Bandung, BandungOke.com – Kota Bandung kembali menampilkan wajah buramnya tata kelola publik.
Di balik narasi “penutupan sementara” yang diumumkan Pemerintah Kota Bandung, terselip aroma konflik kepentingan yang lebih pekat dari lumpur kandang gajah di Bandung Zoo.
“Penutupan ini bukan solusi, tapi eksekusi diam-diam terhadap 710 satwa yang seharusnya menjadi tanggung jawab negara,” ujar Bisma Bratakusumah, Ketua Yayasan Margasatwa Tamansari (YMT), dengan nada tajam.
Dalam rilis resmi Pemkot pada 7 Oktober 2025, alasan penutupan disebut demi penyelesaian sengketa antara dua pihak yayasan.
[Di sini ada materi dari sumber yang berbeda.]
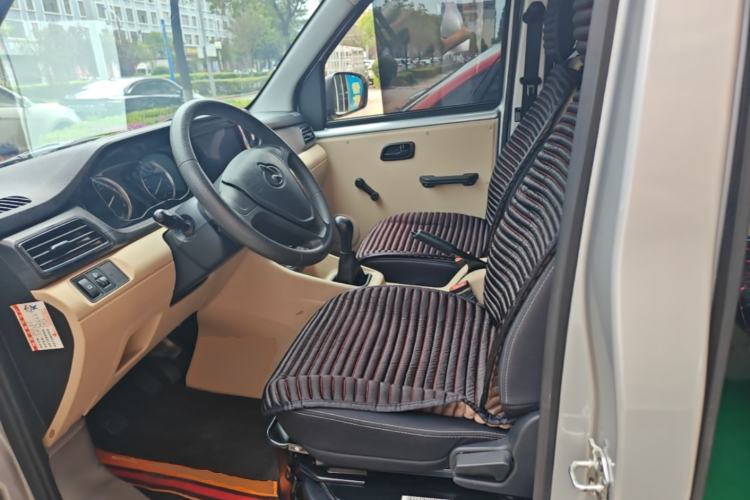 Used CHANGAN KUAYUE Xing V3 2023 1.5L Gasoline Comfort Model 7-Seater Passenger Vehicle Left Front Seat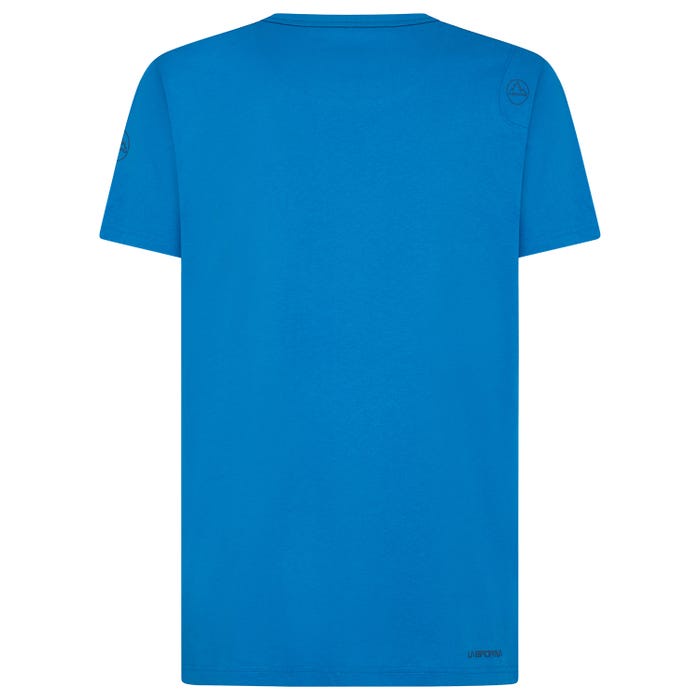 Baju Kaos La Sportiva View T-Shirt M Neptune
Namun Bisma menepis mentah-mentah narasi itu.
“Ini bukan soal sengketa. Ini soal hidup dan mati satwa. Kalau Pemkot tak tahu bedanya, artinya mereka sedang main politik di atas penderitaan hewan,” sergahnya.
Faktanya, YMT sudah memenangkan gugatan di Pengadilan Tata Usaha Negara Bandung pada 23 Mei 2025. Putusan itu menyatakan tindakan Satpol PP yang menutup kebun binatang sebelumnya adalah melawan hukum.
Namun, hanya empat bulan berselang, Pemkot kembali mengulang babak yang sama. Pertanyaannya: hukum siapa yang sebenarnya berlaku di Kota Bandung?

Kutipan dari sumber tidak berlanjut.